◆ EXERCISE DESCRIPTION: The copy should hold only the line containing "高等数学学习指导与同步练习" and the lines after it through the end of the material, each exact, with no pictures.

"""

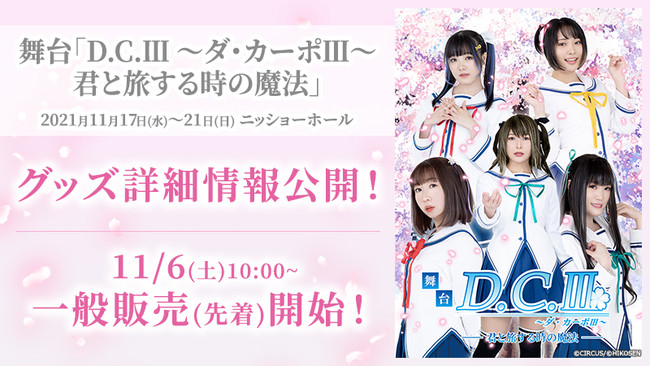 csDAuD.C. `_EJ[|`vV[Y̕䉻wuD.C.III`_EJ[|III`NƗ鎞̖@vxObYڍ׏J`PbgʔX^[gI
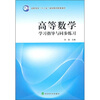 

高等数学学习指导与同步练习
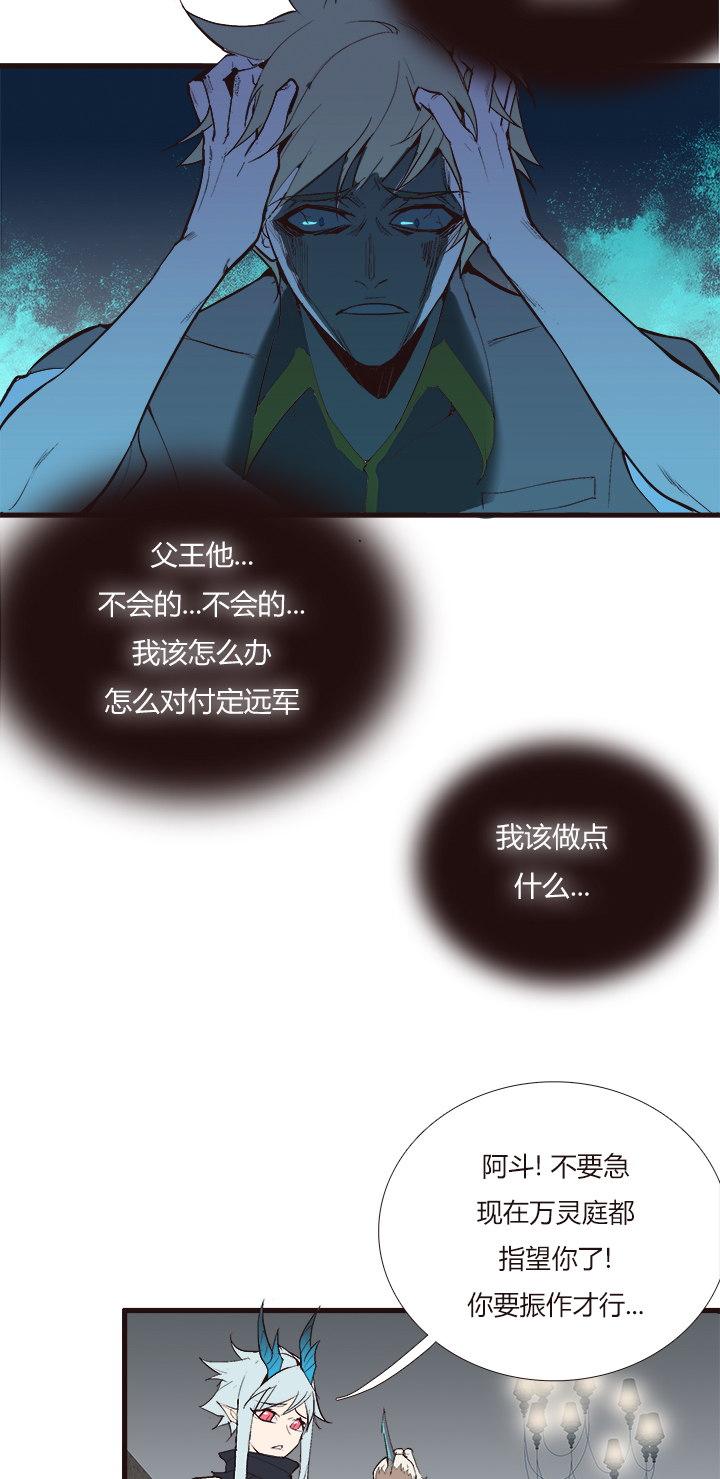 【第四章】115-第119话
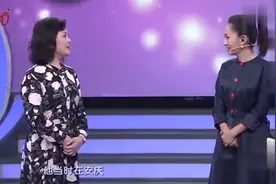 门当户对：57岁阿姨现场寻爱成功，激动到流泪，感动视频封面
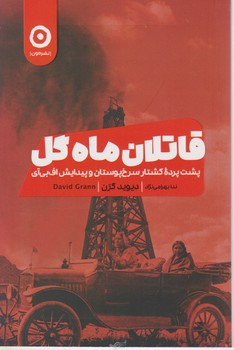 قاتلان ماه گل/مون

"""

◆ RESPONSE TO THIS EXERCISE:
高等数学学习指导与同步练习
 【第四章】115-第119话
 门当户对：57岁阿姨现场寻爱成功，激动到流泪，感动视频封面
 قاتلان ماه گل/مون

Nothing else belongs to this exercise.